Record set:
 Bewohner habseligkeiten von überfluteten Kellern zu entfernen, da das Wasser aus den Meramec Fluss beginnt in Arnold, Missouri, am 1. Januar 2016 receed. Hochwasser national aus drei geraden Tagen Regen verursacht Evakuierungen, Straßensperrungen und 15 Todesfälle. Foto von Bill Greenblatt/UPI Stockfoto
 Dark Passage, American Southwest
--
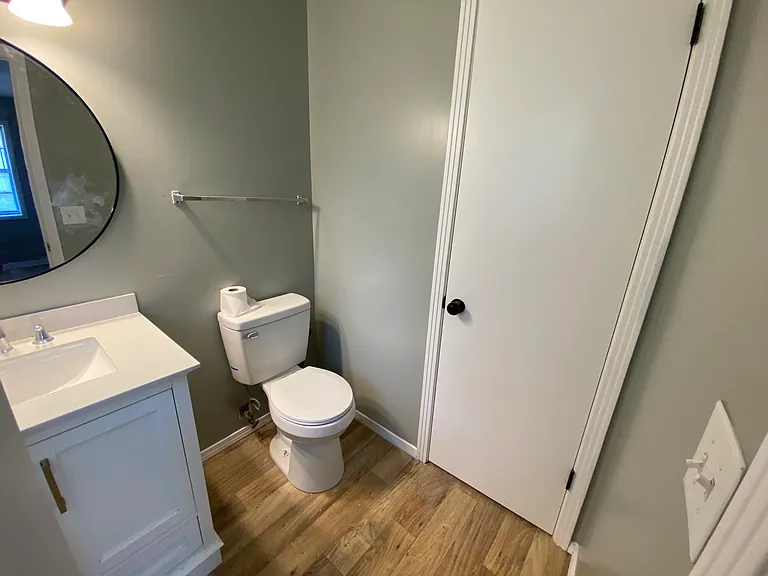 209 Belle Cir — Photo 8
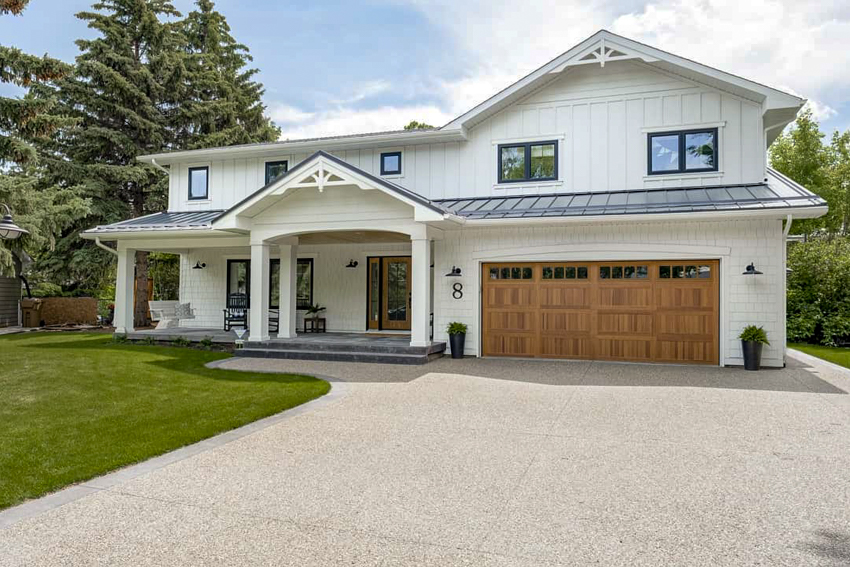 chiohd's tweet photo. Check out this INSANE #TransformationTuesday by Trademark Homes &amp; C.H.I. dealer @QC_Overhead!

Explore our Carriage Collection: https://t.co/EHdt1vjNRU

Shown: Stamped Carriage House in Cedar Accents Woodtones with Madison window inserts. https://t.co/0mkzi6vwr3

Work item:
To answer, count the lines of the material that contain "https" and give only that number.

Task result:
2